Abstract
This study aims to investigate the roles of slope aspect, land use and soil depth in altering the soil organic carbon (C), total nitrogen (N), and total phosphorus (P) traits in the karst trough valley area experiencing extensive ecological restoration. A total of 54 soil samples were collected at 0–10, 10–20, and 20–30 cm soil depths from secondary forest, plantation forest, and grassland on the relatively more shaded east-facing slope and the contrasting west-facing slope, respectively. The independent and interactive effects of slope aspect, land use, and soil depth on soil C, N, and P concentrations and stoichiometry were determined. The results show that soil C and N concentrations were markedly higher on the east-facing slope than on the west-facing slope, and soil P concentrations showed an opposite trend, leading to significant differences in soil C:P and N:P but not in C:N ratios between the two aspects.
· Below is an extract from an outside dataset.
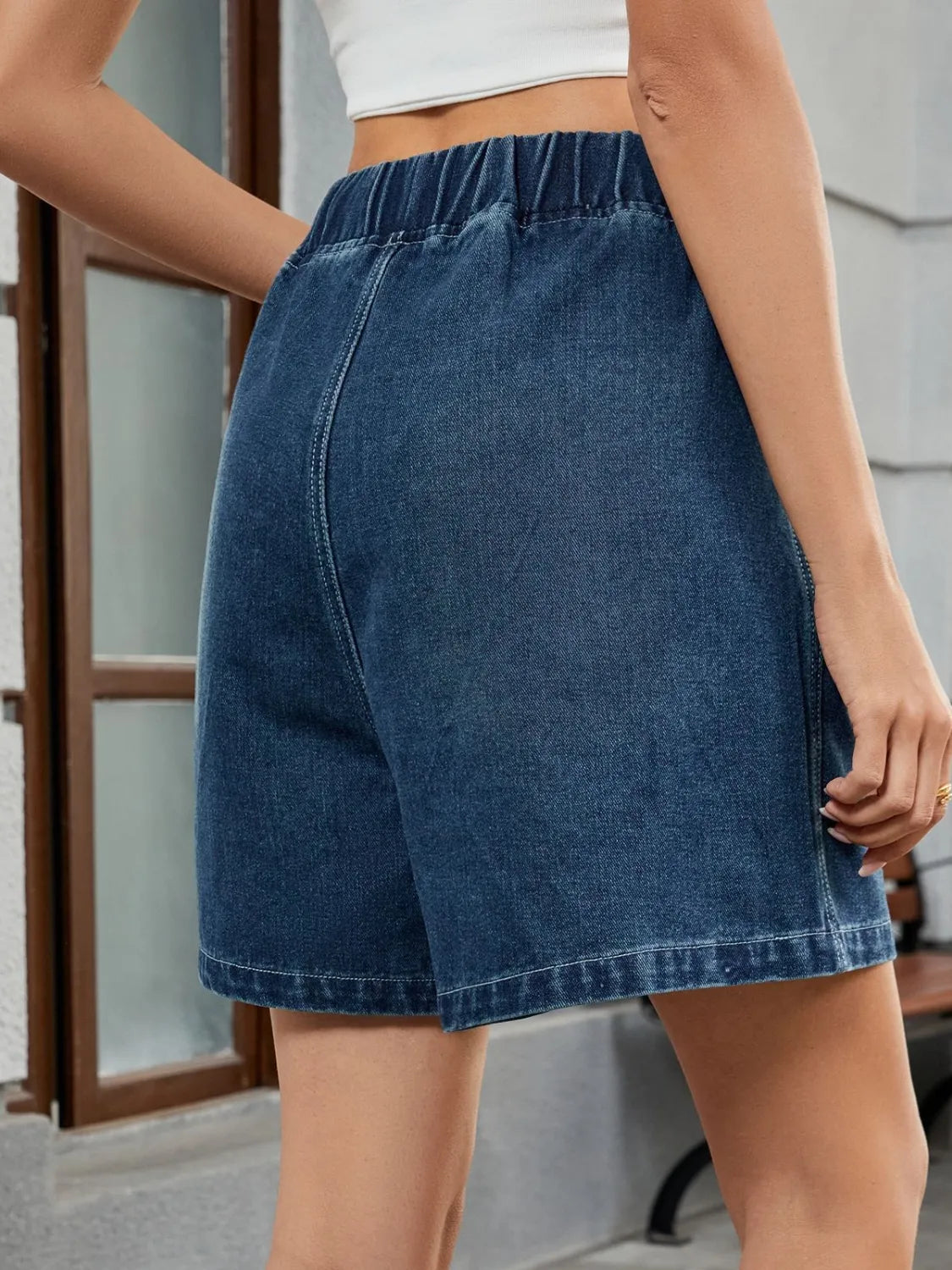 Elastic waist denim shorts with pockets.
Soil C and N concentrations were not affected by land use, and soil P concentration was significantly higher in plantation forest than in secondary forest and grassland. Soil C and N concentrations significantly decreased with increasing soil depth, but soil P concentration presented no significant changes with soil depth. Both the land use and soil depth did not differ in terms of their elemental stoichiometry. There were no significant interactive effects of slope aspect, land use and soil depth on soil C, N, and P traits. Our results indicate that soil C, N, and P changes are more sensitive to slope aspect rather than land use and soil depth in the karst trough valley area under ecological restoration.
Highlights
The biogeochemical cycles of carbon (C), nitrogen (N), and phosphorus (P) are usually interconnected through their coupled responses to primary production, respiration, and decomposition [1,2]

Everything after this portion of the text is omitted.